• Brief
Records follow. Print exactly the lines from the one that has "9.5寸 Vinyl animal" through the one that has "SHAH-22 Polyester Area", inclusive, and omit the pictures.

• Input data
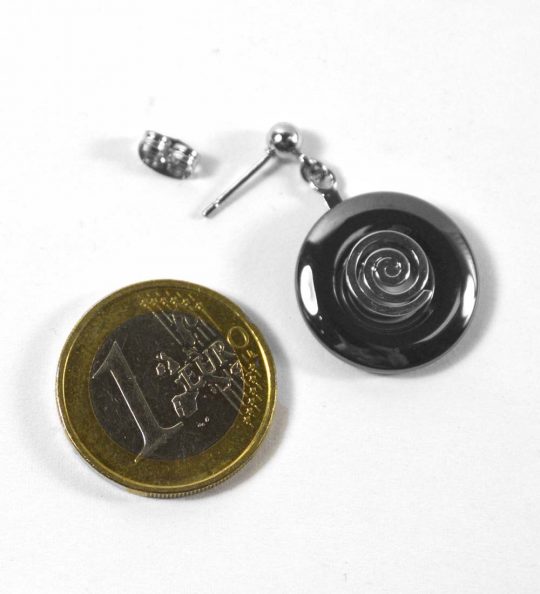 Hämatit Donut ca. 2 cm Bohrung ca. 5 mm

* * *

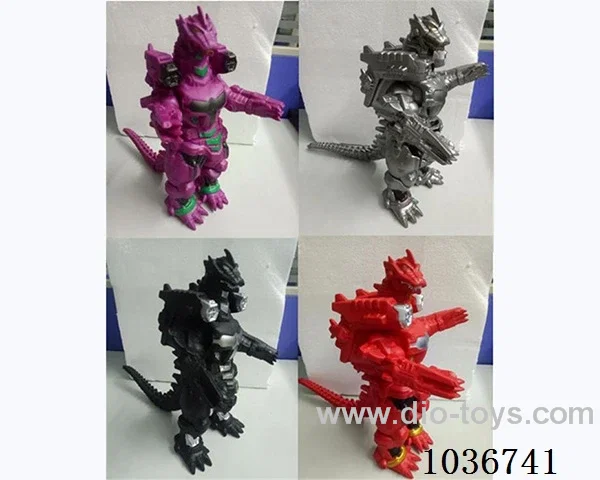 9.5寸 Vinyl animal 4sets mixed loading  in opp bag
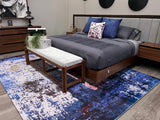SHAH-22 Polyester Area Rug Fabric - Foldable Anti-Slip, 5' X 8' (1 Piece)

• Solution to this task
 9.5寸 Vinyl animal 4sets mixed loading  in opp bag
SHAH-22 Polyester Area Rug Fabric - Foldable Anti-Slip, 5' X 8' (1 Piece)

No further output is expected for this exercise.